Insolvency definition

The definition of insolvency reads as: Someone who is unable to pay their debts on time. Insolvency typically refers to a business’ inability to pay off their debts.

The United Kingdom Insolvency Law deals with insolvency of corporations and individuals within the United Kingdom.
The legislation involved within this law is the Insolvency Act of 1986 and the Enterprise Act of 2002.

Although insolvency is used together with businesses and individuals it is not the same as a Bankruptcy.

Bankruptcy is the consequence of the Courts trying to resolve the insolvency. Bankruptcy is not used in corporations but is left for individuals.

A business can be insolvent in two different ways.

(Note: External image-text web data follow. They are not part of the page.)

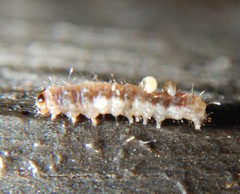 Barasa cymatistis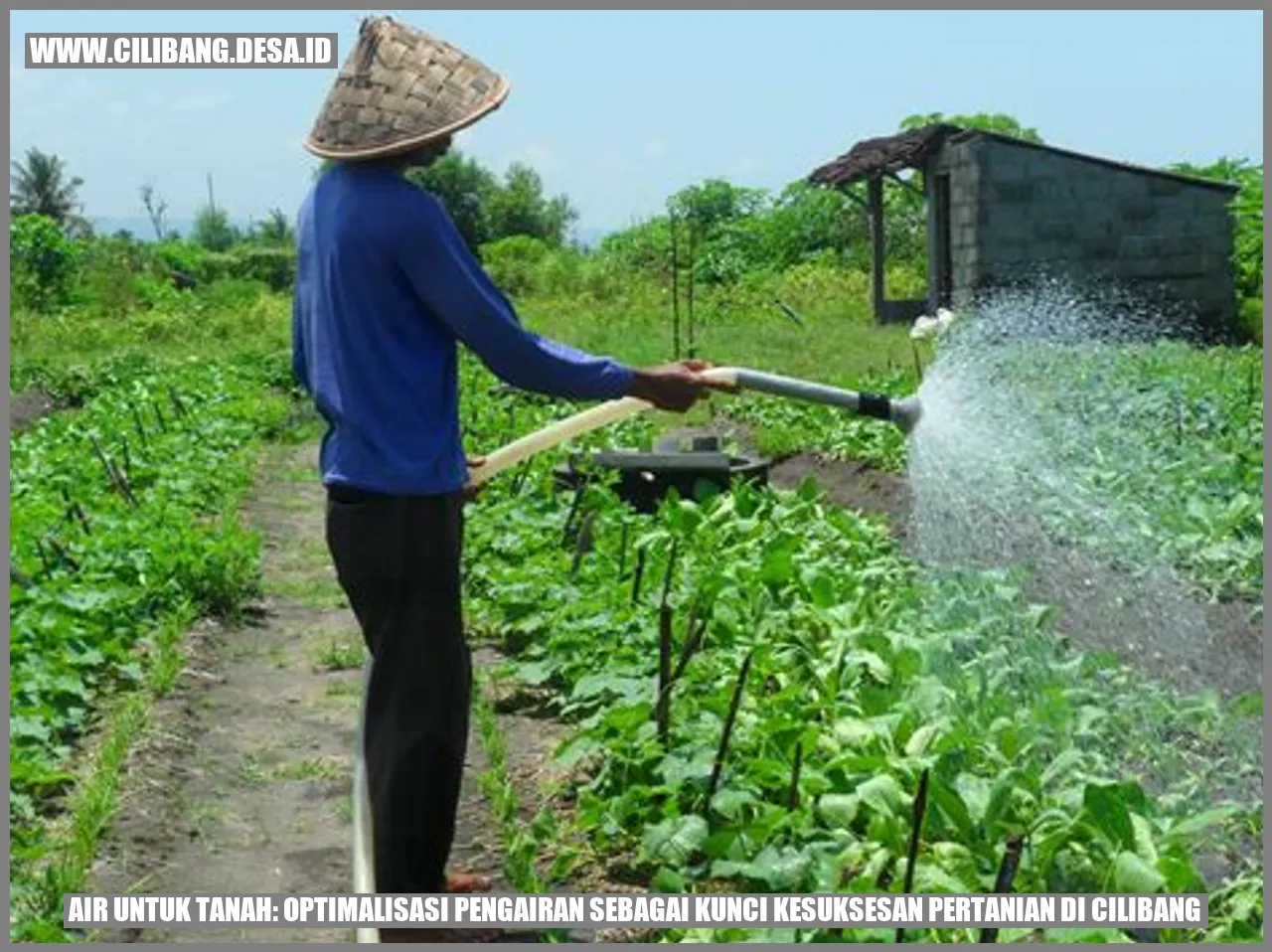 Air Untuk Tanah: Optimalisasi Pengairan sebagai Kunci Kesuksesan Pertanian di Cilibang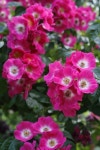 Hybrid Wichurana Rambling Rose: Rosa 'American Pillar' (U.S., 1902) | 장미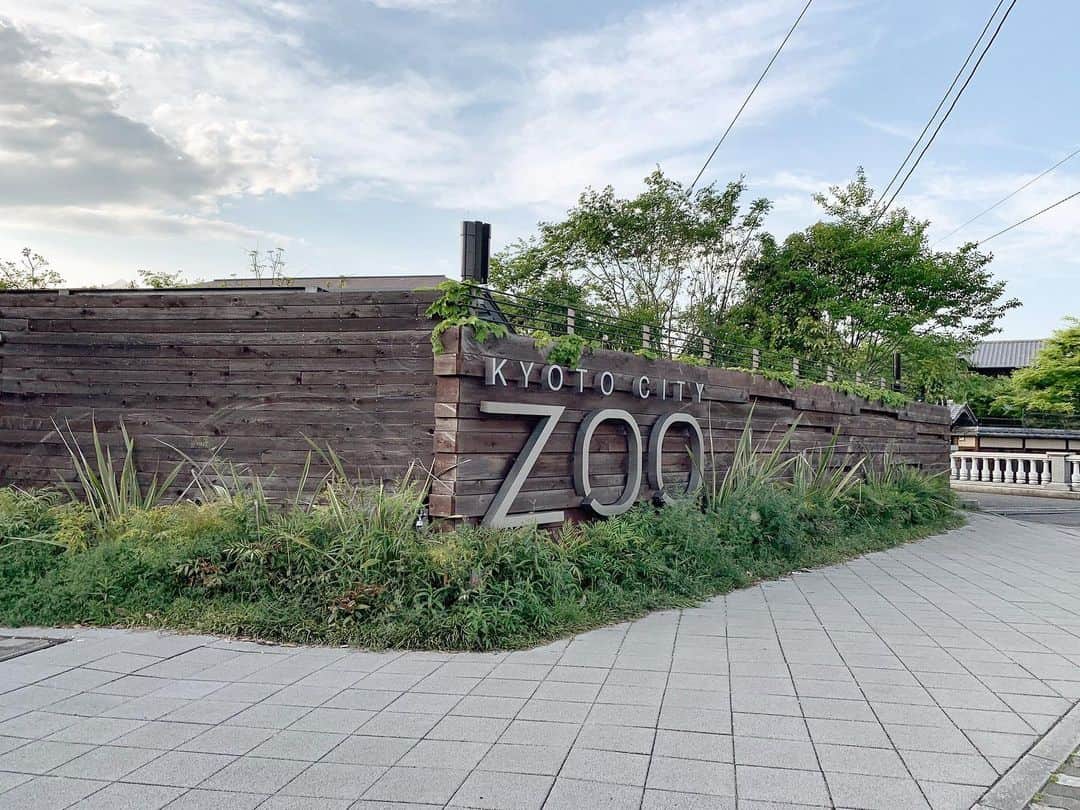 小林さりさんのインスタグラム写真 - (小林さりInstagram)「GWに京都市動物園へ行ってきた◡̈♪ ・ ・ 象が可愛すぎてずっと見ていられる⋆︎* 象って赤ちゃんのような優しい目をしてるよね♪ キリンも好き𓃱°. なのにこの日はキリンに会えず… ・ ・ 最近、水族館やら動物園やら… 癒されるスポットばかり行ってる⋆︎*笑 ・ ・ #京都市動物園 #京都 #動物園」5月7日 23時47分 - _____sari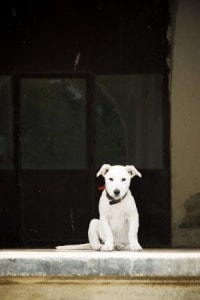 dog-in-doorway-image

The first is called Cash Flow Insolvency.

Cash Flow Insolvency means that the company is unable to pay their debts as they become due. Cash Flow Insolvency has recently been redefined to include not just the current debt that cannot be paid but whether or not future debts will be able to be paid.

The second is called a Balance Sheet Insolvency.

Balance Sheet Insolvency means that the company has negative assets and their liabilities exceed those assets.

The legal definition of insolvency is defined using cash flow and balance sheet within the UK Insolvency Act of 1986 dictated below:

s.123. Definition of inability to pay debts:

  1. A company is deemed unable to pay its debts if it is proved to the satisfaction of the Court that is unable to pay its debts as they fall due. (Cash Flow Insolvency).
  2. A company is also deemed unable to pay its debts if it is proved to the satisfaction of the Court that the value of the company’s assets is less than the amount of its liabilities, taking into account its contingent and prospective liabilities. (Balance Sheet Insolvency).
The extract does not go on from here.